The key to hitting the ball farther with the modern driver and golf ball (which spins much less off of a flat face than balls of the past) is high launch combined with a low spin rate. Our goal is to get enough spin to achieve lift, while minimizing (hopefully eliminating) drag. 

Assuming that you have a driver with enough loft, here are four things that you can do to increase launch angle and decrease spin rate, thus increasing your distance off the tee:

Tee the Ball Higher
The old adage has always been that the top of the driver should be about halfway up the ball when it is teed up. However, with a 460cc driver, I like to see you set the ball high enough on a peg such that the top of the driver is no more than one-third of the way up the ball. Of course, this means that the standard 2 1/8-inch tee will not be long enough to accommodate. You will need a tee at least 3 inches in length, but likely a little longer than this.

Move the Ball Forward in Your Stance
(Towards your left foot for a right-handed golfer)
The notion of playing the ball off of your left heel is no longer valid. We want to hit the ball on the upswing, thus increasing launch angle and decreasing the ball's spin rate. In order to do this, we must move the ball forward in our stance. For some golfers, it will be enough to play the ball off of your big toe, while for others it may be necessary to move the ball all the way up so that it is positioned outside of your left foot. Experiment with different ball positions – but, whatever you do, move the ball forward in your stance!

Set Up to Hit the Ball on the Center of the Face
Most golfers set their driver on the ground at address. This results in a high percentage of driver shots being hit on the heel-side of the face, especially when we tee the ball higher. Test yourself this way: The next time you are at the range and set up to hit your driver, once in the address position stretch your arms out and move the club up to the ball's height. Notice where the ball is going to contact the face of your driver? On the heel side – or possibly the hosel – of your driver.

This is a very common problem for golfers – and it's an awkward adjustment. The solution is very simple, however. Instead of setting your driver behind the ball such that the center of the face is aligned with the ball, move backwards a couple of inches (towards your back) such that the toe of your driver is aligned with the ball. Now do the test again. Stretch out your arms and pick the club up to the ball's height. Is the ball aligned with the center of the driver face? If so, put the club back down and fire! If not, keep moving back until it is.

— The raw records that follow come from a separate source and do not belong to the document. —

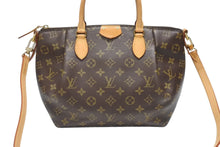 Load image into Gallery viewer, LOUIS VUITTON ルイヴィトン ハンドバッグ 2WAY モノグラム チュレンPM モノグラムキャンバス M48813 ブラウン 美品 中古 4b006981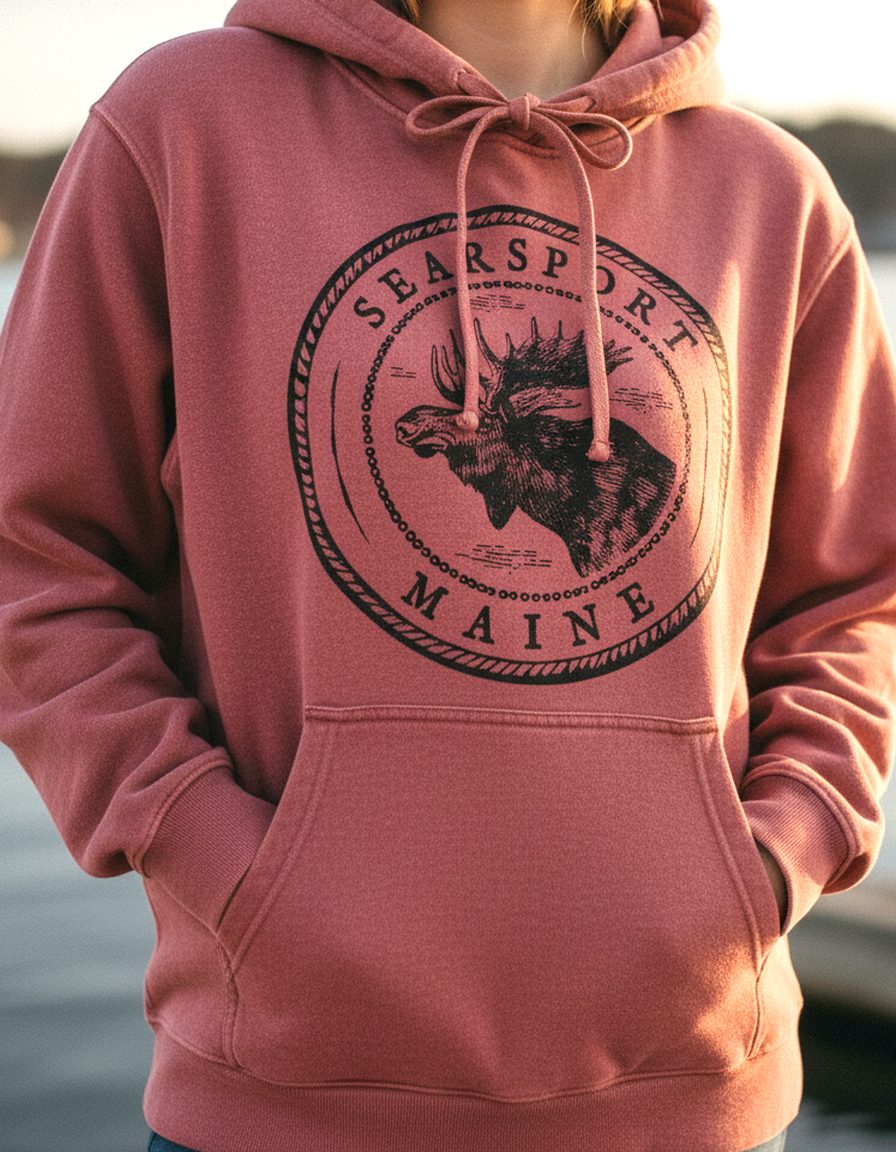 Searsport Hoodie Lifestyle Female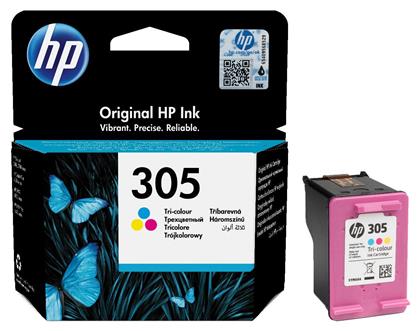 HP 305 Μελάνι Εκτυπωτή InkJet Πολλαπλό (Color) (3YM60AE)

Don't worry that once you set the driver down it doesn't align with the ball. The ball isn't on the ground - it's three inches above the ground!

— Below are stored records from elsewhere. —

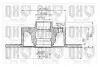 Гальмівні диски QH QUINTON HAZELL BDC4552 (фото 1)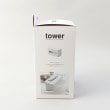 トゥーワントゥーキッチンストア(212 KITCHEN STORE)の両面コンパクトティッシュ＆ウェットシートケース WH 山崎実業 ＜tower タワー＞6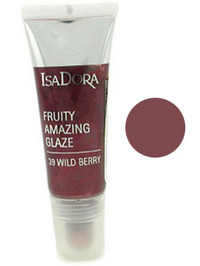IsaDora Fruity Amazing Glaze # 39 Wild Berry - 0.35oz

Hit the Ball on the Upswing
The driver is now a specialty club, much like a putter. Our set-up, ball position – everything is different from any other club in the bag. You shouldn't be hitting the ball at the bottom – or apex – of the golf swing like a fairway wood. The ball should be struck past this point, on the upswing. This will lead to a higher launch angle and lower spin rate – which is how we are going to hit the ball farther than we ever have before.


----------



## Shankapotimus

Great tips! Thanks for the post!


----------



## dadamson

Very good and detailed tips! I must say, a lot of people have a bad slice when first switching to these heavier drivers, you must be persistant and the best tip is to practice.

Practice, and lots of it is absolutely essential to your 460cc mastery :headbang:.


----------



## Stuart StAndrew

Im going to try this when I next hit the green, I do have problems with distance (in the Golfing sense) and some more lift (again Golfing wise) would be good.


----------



## dadamson

Stuart StAndrew said:


> Im going to try this when I next hit the green, I do have problems with distance (in the Golfing sense) and some more lift (again Golfing wise) would be good.


Good idea Stuart, these 460cc clubs are the heaviest drivers on the market and they do require a certain amount of practice to master the accuracy and distance componants.

You should try to distance yourself from the standard drivers as much as possible when using these clubs, they are vastly difference in usage. I usually recommend only going for these once you have perfected your accuracy and then peaked your distance with standard clubs.


----------



## BigEd

Great advice, just recieve the 460cc in the mail yesterday!!


----------